Frau Präsidentin, ich komme zum Schluss. Wir legen Ihnen einen guten Gesetzentwurf vor, der sich an der Wirklichkeit in diesem Lande orientiert und für viele Menschen Verbesserungen bringen könnte. Wir hoffen, dass sich in Sachen faire Vergabe etwas tut in Hessen – für die Menschen in Hessen, für die Menschen anderswo, für gute Arbeit und für ökologisch nachhaltiges Wirtschaften.

(Beifall bei der LINKEN)

Vielen Dank, Frau Kollegin Wissler. – Für die Fraktion der SPD spricht nun Frau Kollegin Barth. Bitte schön, Sie haben das Wort.
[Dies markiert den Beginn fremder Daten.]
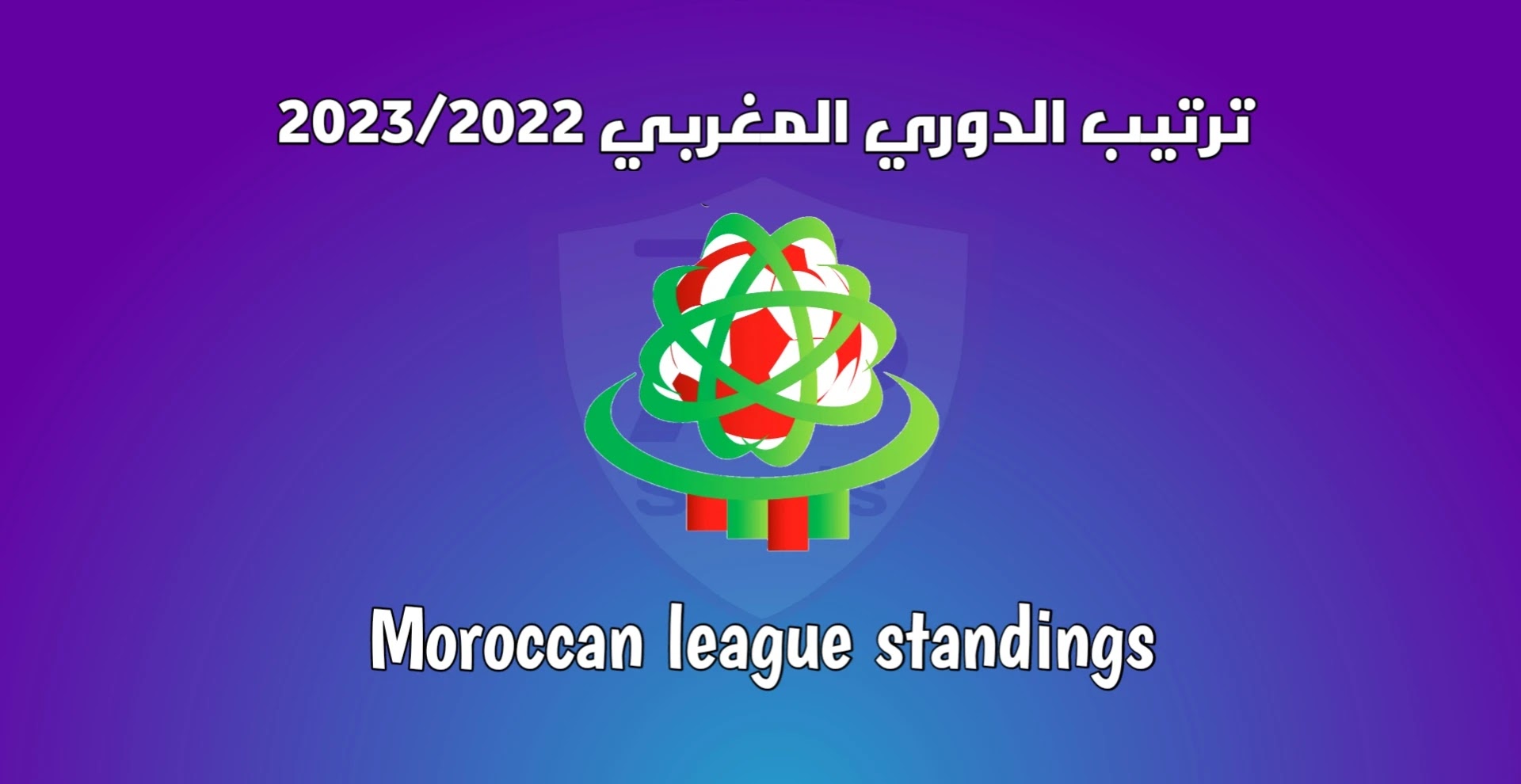 Moroccan league standings
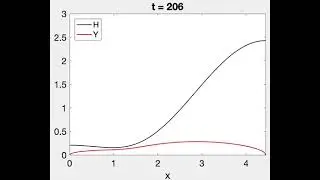Viscoplastic Rayleigh-Plateau Instability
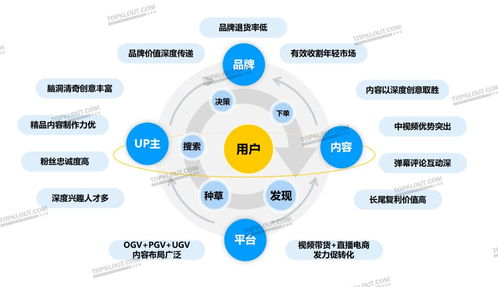 內(nèi)容激活社交關(guān)注 品牌如何用社媒與數(shù)字文創(chuàng)內(nèi)容撬動年輕化消費(fèi)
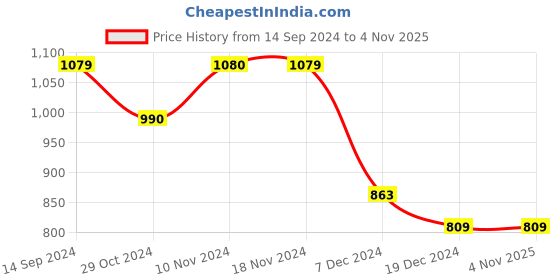 tatacliq.com Only Cream Cotton Graphic Print T-Shirt only Price History Graph from 14 Sep 2024 to 3 Nov 2025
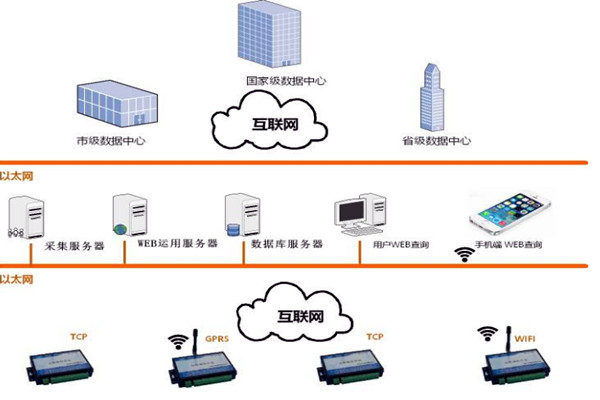 樓宇智能化係統的網絡規劃和平台建設！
Frau Präsidentin, meine Damen und Herren! Ich habe meine erste Rede im Hessischen Landtag zum Thema Vergabe und Tariftreue gehalten, und so, wie es aussieht, halte ich meine letzte Rede in dieser Legislaturperiode ebenfalls zu diesem Thema. Das ist kein Zufall; denn das aktuelle Hessische Vergabe- und Tariftreuegesetz ist ein schlechtes Gesetz.
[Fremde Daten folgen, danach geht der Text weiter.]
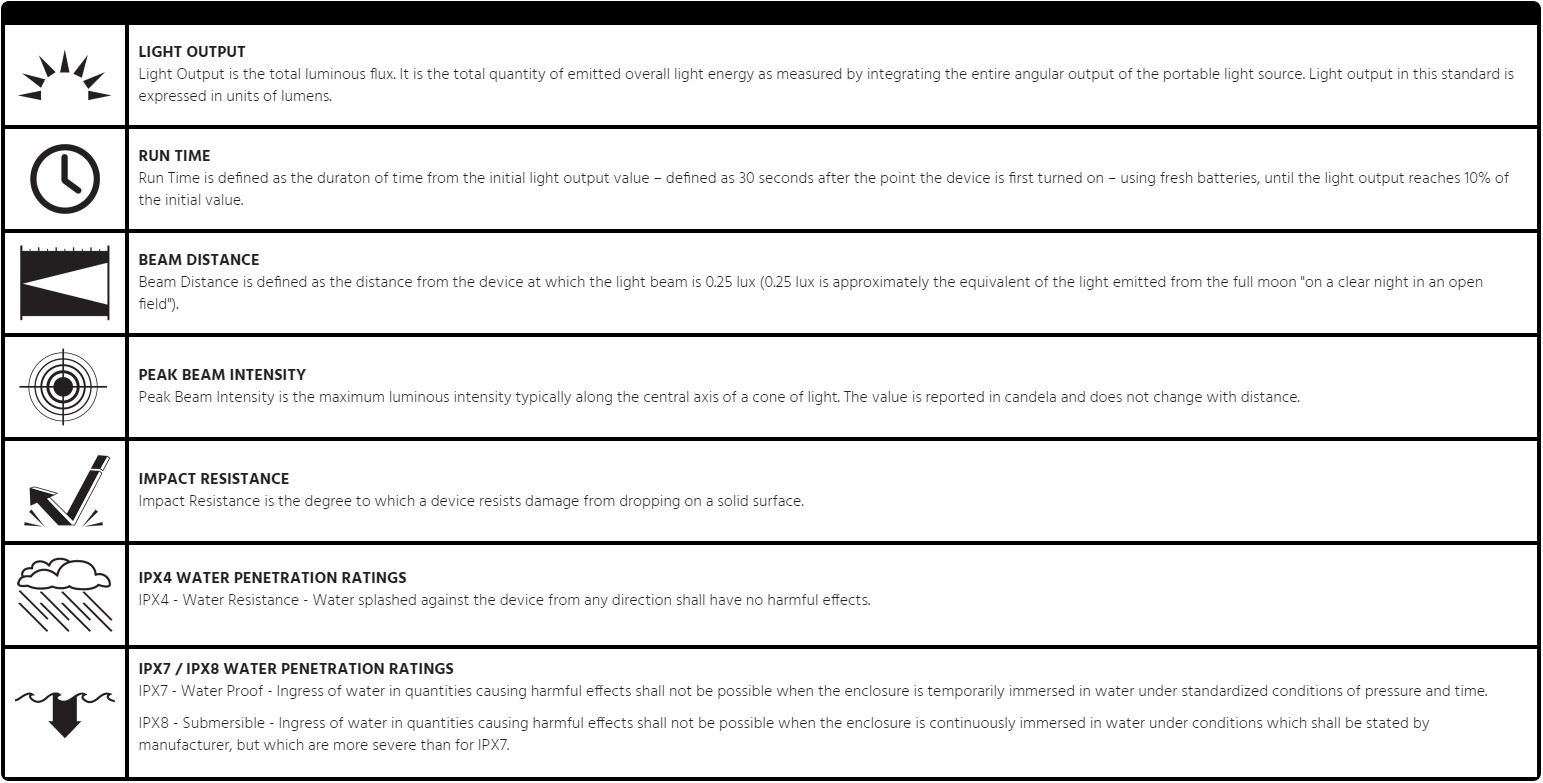 ANSI Standards Chart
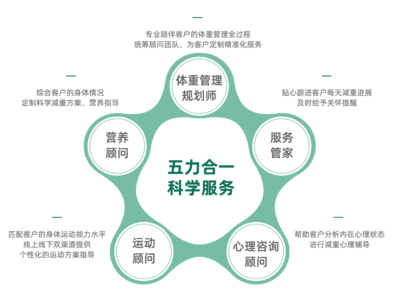 數(shù)字化健康新風(fēng)尚 壹健康引領(lǐng)體重管理新紀(jì)元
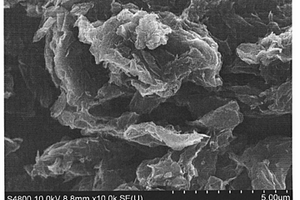 用作锂离子电池负极材料的氮掺杂石墨碳及制法和应用
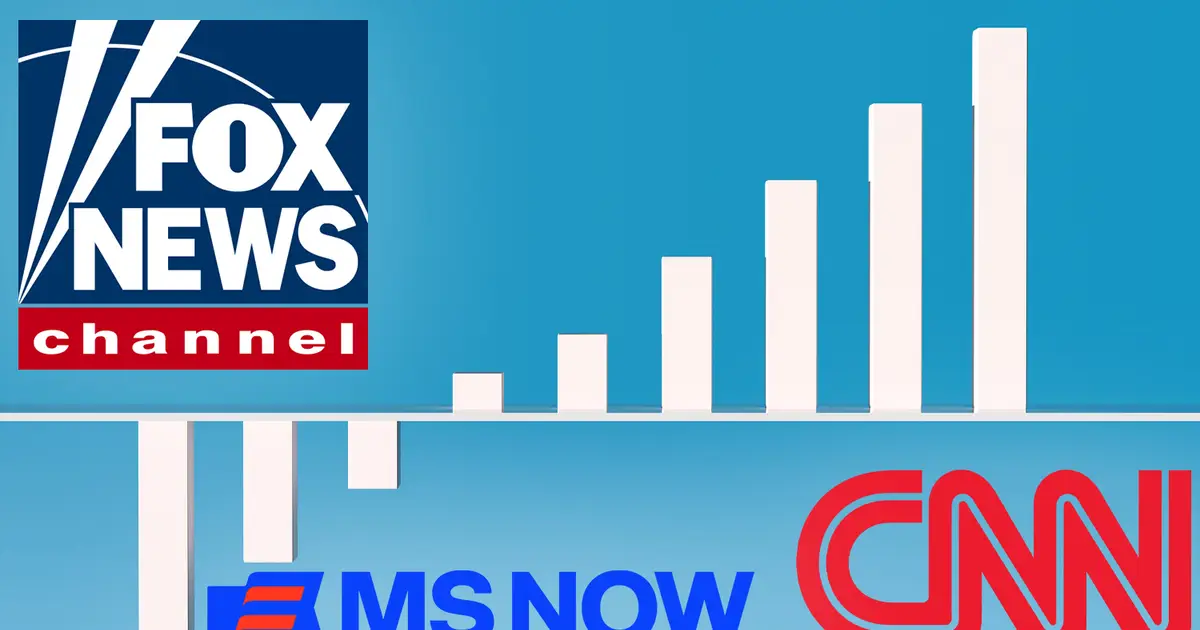 Fox News Tops July Cable News Ratings While CNN And MS NOW Make Gains Vs. 2025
(Beifall bei der SPD und der LINKEN)

Herr Al-Wazir, inzwischen glaube ich nicht mehr, dass es ein Zufall ist, dass Sie die für März 2018 im Gesetz angekündigte Evaluierung noch nicht vorgelegt haben. Im Gesetz steht nun einmal „März 2018“, nicht „Oktober 2018“ oder „November 2018“. Wie ich von verschiedenen Stellen erfuhr, wurde erst vor den Sommerferien damit begonnen, langsam Stellungnahmen einzuholen. Nein, das ist kein Zufall. Eher haben Sie wohl damals, als das Gesetz ge

schrieben wurde, einen Fehler gemacht und nicht gemerkt, dass der Zeitpunkt für die Evaluation nur sechs Monate vor einer Landtagswahl liegt. Zu diesem Zeitpunkt zugeben zu müssen, dass das Gesetz gravierende Fehler enthält, wollen Sie nun um jeden Preis vermeiden.
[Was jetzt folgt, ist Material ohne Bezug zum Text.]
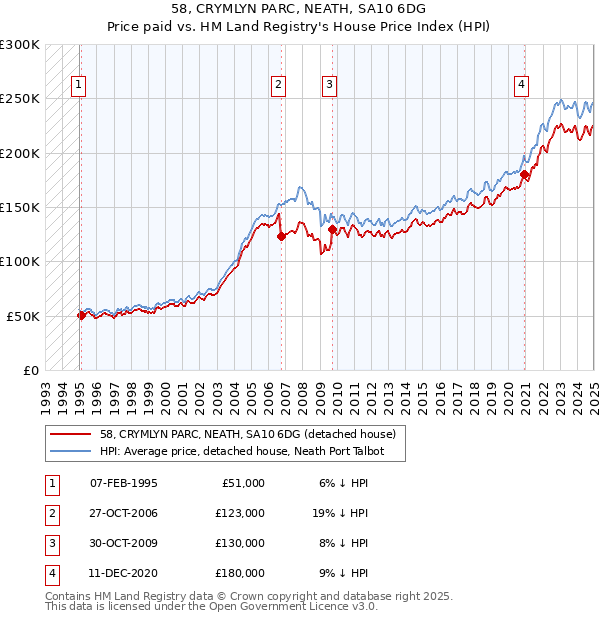 58, CRYMLYN PARC, NEATH, SA10 6DG: Price paid vs HM Land Registry's House Price Index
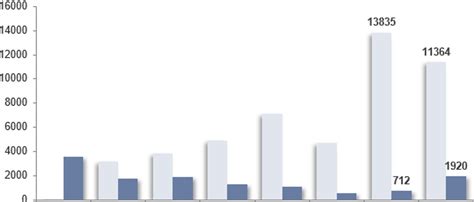 Sponge Titanium Production Flow Chart 的图像结果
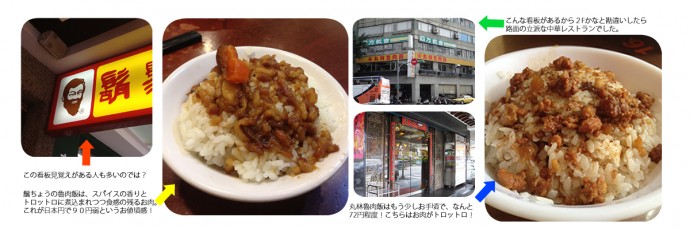 魯肉飯あれこれ
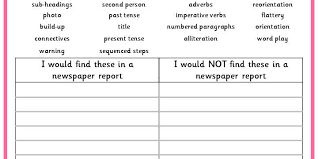 During this lesson students will: Sorting Features Of A Newspaper Report Classroom Secrets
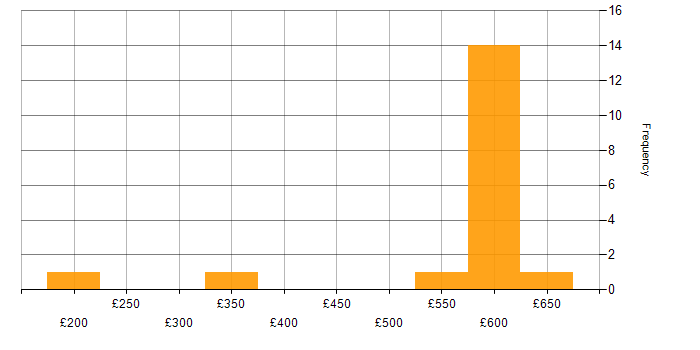 Daily rate histogram for Veeam in the South East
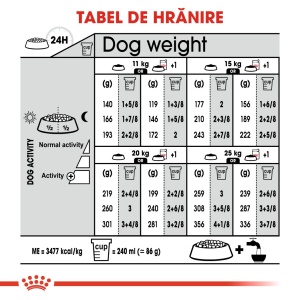 Royal Canin Medium Sterilised Adult, hrana uscata caine sterilizat, 12KG - Img 9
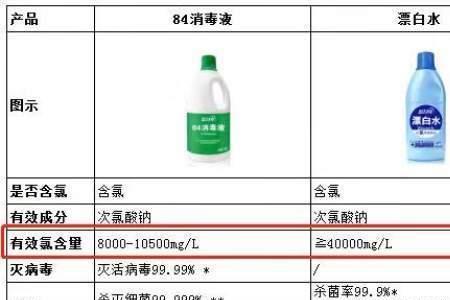 洁厕精的主要成分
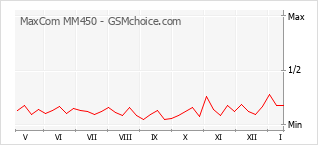 手機聲望改變圖表 MaxCom MM450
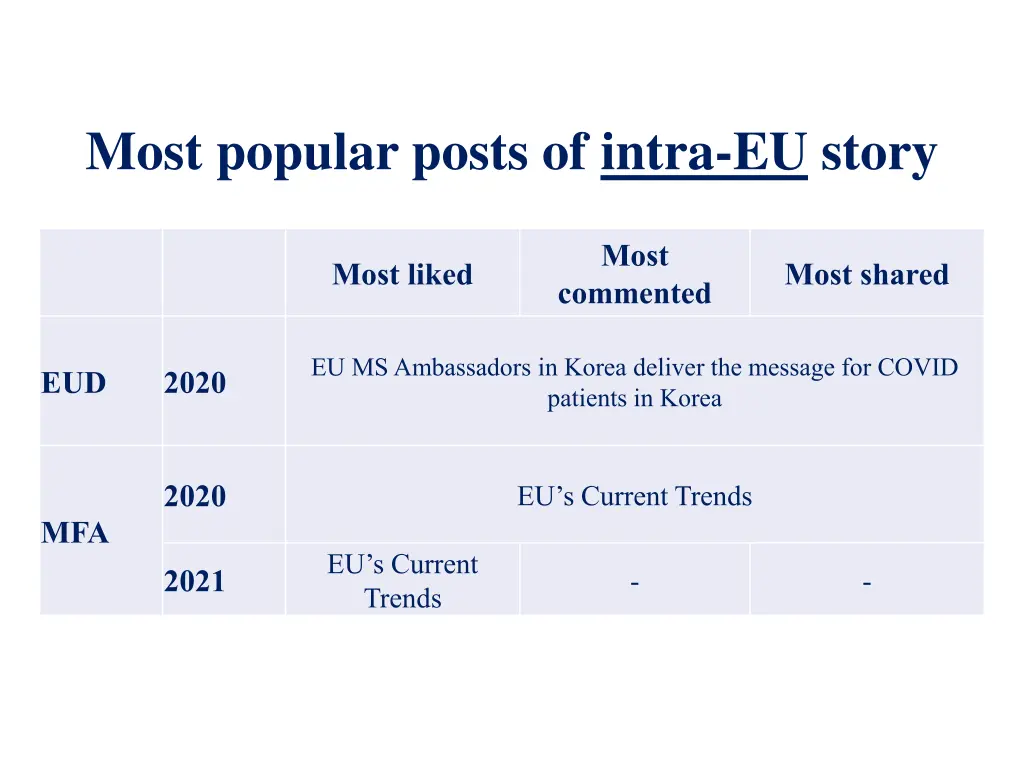 most popular posts of intra eu story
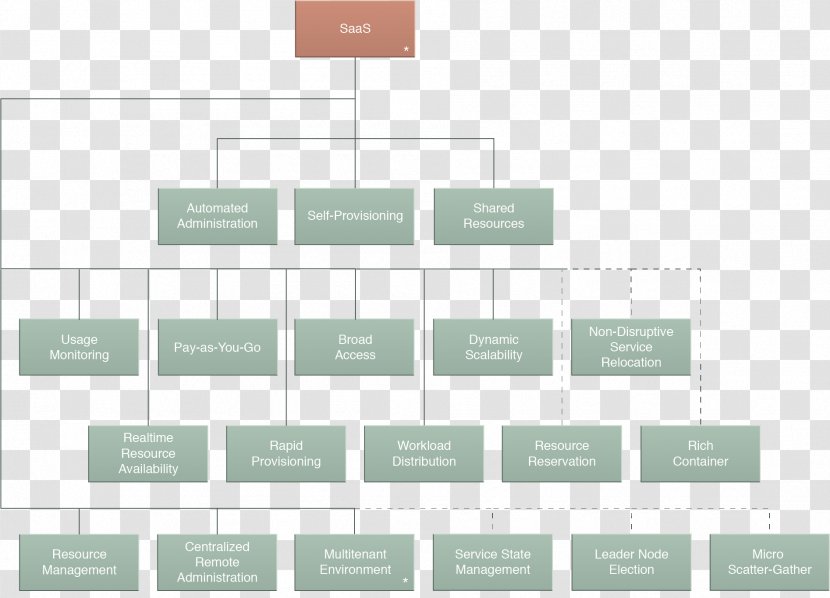 Product Design Brand Line Angle - Diagram - Compound Pattern Transparent PNG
Der gravierendste Fehler ist, dass das Gesetz – außer im Falle von Beschwerden unterlegener Bieter – keine Überprüfung vorsieht, weil eine Prüfbehörde fehlt. Man kann es gar nicht oft genug sagen: Das beste Gesetz nutzt nichts, wenn es nicht kontrolliert wird.

(Beifall bei der SPD)

Ein Indikator sind z. B. die Durchschnittslöhne im Baugewerbe in Hessen, die nach den Zahlen der SOKA-BAU 2017 mit 15,77 € weit unter dem Ecklohn von derzeit 20,63 € liegen. Immer wieder stoßen wir auf Fälle, gerade auf öffentlichen Baustellen, wo Arbeiter um ihren Lohn betrogen werden. Ende Juni stand ich gemeinsam mit 20 rumänischen Wanderarbeitern vor der Geschäftsstelle der GWH in Frankfurt-Rödelheim, weil die Arbeiter auf einer Baustelle der GWH und der gewobau in Neu-Isenburg um ihren Lohn betrogen wurden. Bei der GWH wusste man gar nichts davon, dass der Auftrag, den man an einen Subunternehmer weitergegeben hatte, nochmals weitergegeben worden war.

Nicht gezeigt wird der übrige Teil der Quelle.